To Steve M., well I using your analogy, all great IT schools are in um... Cupertino? Um no. Apple employees (of which I know several) come from all over. Many never attended college at all. Some came from overseas. Some from MIT. Some don't work on (Apple) campus.
Also, I guess there must be a lot of great schools in China since that is where Apple does all of their manufacturing, right? Um... again, no. That is where the cheap manufacturing is.
You don't need to "farm"... truly great employees will come to where you are if you give them a great opportunity, WHEREVER you are. I headhunted an entire IT department from a major media company and relocated them to Vegas. They all are thrilled about how much cheaper it is than LA. BTW, none of these people were educated in California.
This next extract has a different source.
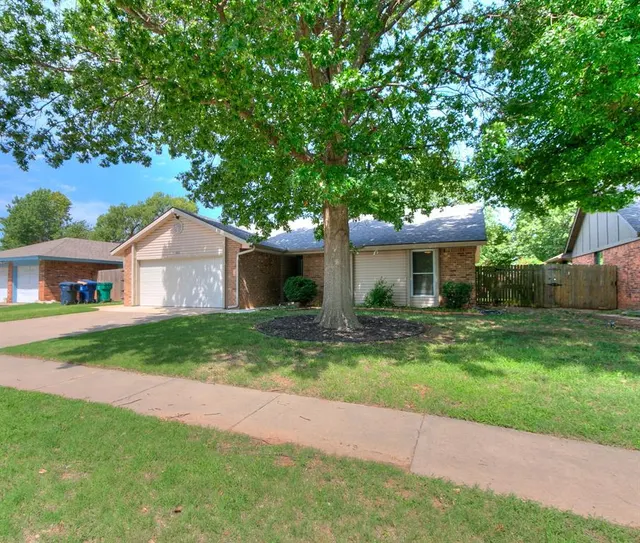 Photo 2 — 621 Cypress Drive, Oklahoma City, OK 73170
One never attended college (or HS in the US for that matter).
One thing you're really missing is that in my experience, the truly amazing gurus of IT never attended college at all. This kind of skews your theory as well.
But... that's just IT. I certainly wouldn't hire CFO out of a school that can't manage their own finances. That's just asking for it!
Funny thing about the Bay Area though... they recently hired Carlos Garcia, the man that trashed the CCSD into the ground. Wonder how that is going to turn out now that his sweetheart deal with McGraw-Hill is over. Who knows? Maybe McGraw-Hill "installed" him in San Francisco to get them a nice deal there. Anyway...
I have several businesses in Nevada (and elsewhere), so I do know just a little of what I'm talking about. I'm also fairly confident that you don't have a business. When you do, I look forward to your revised post. ;-)
Um... I'm no Columbo, but where is the "Business Leader" in this group?